• Exercise instructions
Return exactly the lines from the one containing "Up first we" through the end of the material below, and leave the images out.

• Data

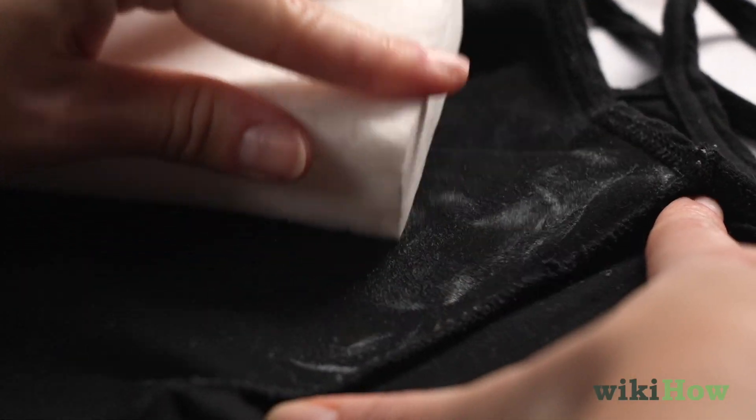Then wash your shirt in the laundry machine as usual. Another method for dealing with stubborn deodorant stains is to soak the affected item in a mixture of equal parts white vinegar and water for a few hours before laundering it.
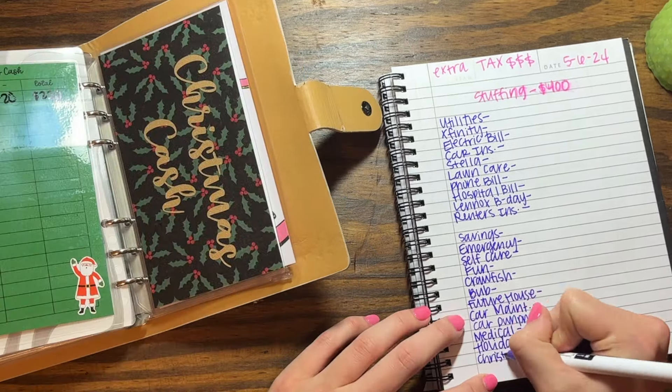Up first we have utilities — I stuffed a lot last time so I already have $100 in here, and I usually try to get this to $150, so I'm just going to do $20 this time. If you guys are new, I am a stay-at-home mom and I make money through my YouTube channel and my Etsy shop, so I am responsible for paying all of the household bills.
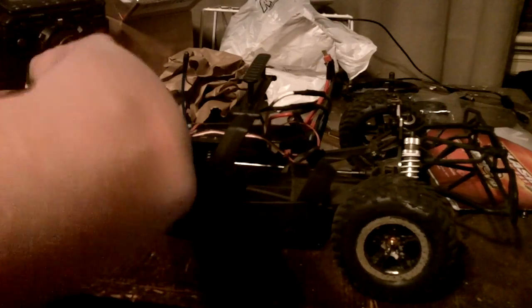The front is rather low. I might need to drop the back end a little bit.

• Solution
Up first we have utilities — I stuffed a lot last time so I already have $100 in here, and I usually try to get this to $150, so I'm just going to do $20 this time. If you guys are new, I am a stay-at-home mom and I make money through my YouTube channel and my Etsy shop, so I am responsible for paying all of the household bills.
The front is rather low. I might need to drop the back end a little bit.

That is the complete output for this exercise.